→ **TASK OBJECTIVE**:
Check every line of the entries that follow, and copy the ones containing "Crafts".

→ **DATA FOR THIS TASK**:
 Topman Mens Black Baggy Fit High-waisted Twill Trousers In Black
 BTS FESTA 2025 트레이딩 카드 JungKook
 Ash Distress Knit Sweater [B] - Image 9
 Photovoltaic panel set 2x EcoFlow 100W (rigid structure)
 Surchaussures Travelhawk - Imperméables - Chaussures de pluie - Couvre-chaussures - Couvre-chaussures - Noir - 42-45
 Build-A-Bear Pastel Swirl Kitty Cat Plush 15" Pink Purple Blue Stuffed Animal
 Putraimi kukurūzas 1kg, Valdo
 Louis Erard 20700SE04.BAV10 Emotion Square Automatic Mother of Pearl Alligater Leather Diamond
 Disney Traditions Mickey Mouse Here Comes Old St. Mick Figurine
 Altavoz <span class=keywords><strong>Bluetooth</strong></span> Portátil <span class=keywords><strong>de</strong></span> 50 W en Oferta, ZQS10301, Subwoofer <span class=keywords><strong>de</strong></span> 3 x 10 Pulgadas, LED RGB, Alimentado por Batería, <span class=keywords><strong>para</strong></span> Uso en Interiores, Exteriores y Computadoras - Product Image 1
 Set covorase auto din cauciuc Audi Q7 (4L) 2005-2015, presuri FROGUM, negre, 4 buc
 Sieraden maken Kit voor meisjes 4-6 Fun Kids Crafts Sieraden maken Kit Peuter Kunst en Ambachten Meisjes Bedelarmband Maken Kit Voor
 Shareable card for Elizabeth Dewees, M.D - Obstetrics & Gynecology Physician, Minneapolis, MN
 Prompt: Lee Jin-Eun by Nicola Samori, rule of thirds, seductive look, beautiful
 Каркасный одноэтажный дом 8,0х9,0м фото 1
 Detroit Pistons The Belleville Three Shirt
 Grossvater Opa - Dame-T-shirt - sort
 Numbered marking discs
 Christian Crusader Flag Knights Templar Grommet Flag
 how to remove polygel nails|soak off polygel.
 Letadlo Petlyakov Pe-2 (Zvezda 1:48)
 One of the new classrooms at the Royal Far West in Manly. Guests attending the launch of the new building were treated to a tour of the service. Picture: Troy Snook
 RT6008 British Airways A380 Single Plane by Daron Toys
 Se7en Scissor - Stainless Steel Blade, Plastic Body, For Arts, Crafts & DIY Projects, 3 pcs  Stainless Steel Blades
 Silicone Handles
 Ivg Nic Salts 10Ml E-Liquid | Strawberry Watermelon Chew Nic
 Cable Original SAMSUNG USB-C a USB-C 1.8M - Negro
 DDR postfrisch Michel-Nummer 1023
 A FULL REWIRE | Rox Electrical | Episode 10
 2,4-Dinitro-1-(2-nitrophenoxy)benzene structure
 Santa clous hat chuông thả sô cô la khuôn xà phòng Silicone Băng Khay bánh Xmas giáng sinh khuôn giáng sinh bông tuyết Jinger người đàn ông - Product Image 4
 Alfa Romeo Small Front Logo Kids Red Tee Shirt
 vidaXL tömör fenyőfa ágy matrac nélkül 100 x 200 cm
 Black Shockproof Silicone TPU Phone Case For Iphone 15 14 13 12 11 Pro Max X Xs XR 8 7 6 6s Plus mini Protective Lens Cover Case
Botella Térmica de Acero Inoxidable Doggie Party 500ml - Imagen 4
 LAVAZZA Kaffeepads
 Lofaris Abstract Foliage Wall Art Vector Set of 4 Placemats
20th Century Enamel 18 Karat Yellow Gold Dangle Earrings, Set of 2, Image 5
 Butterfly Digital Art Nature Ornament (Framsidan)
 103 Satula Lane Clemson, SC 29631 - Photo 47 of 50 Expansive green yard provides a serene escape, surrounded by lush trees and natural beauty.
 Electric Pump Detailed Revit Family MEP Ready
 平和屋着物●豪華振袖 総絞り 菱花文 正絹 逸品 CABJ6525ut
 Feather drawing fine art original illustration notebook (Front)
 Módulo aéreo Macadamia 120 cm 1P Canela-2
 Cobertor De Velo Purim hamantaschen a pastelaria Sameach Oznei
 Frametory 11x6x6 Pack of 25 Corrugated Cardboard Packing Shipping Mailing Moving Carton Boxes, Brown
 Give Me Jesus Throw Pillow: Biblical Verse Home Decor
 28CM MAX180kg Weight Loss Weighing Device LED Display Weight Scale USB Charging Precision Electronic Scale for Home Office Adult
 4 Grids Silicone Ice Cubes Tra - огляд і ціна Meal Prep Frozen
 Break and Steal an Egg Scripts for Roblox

→ **SOLUTION TO THE PROBLEM**:
 Sieraden maken Kit voor meisjes 4-6 Fun Kids Crafts Sieraden maken Kit Peuter Kunst en Ambachten Meisjes Bedelarmband Maken Kit Voor
 Se7en Scissor - Stainless Steel Blade, Plastic Body, For Arts, Crafts & DIY Projects, 3 pcs  Stainless Steel Blades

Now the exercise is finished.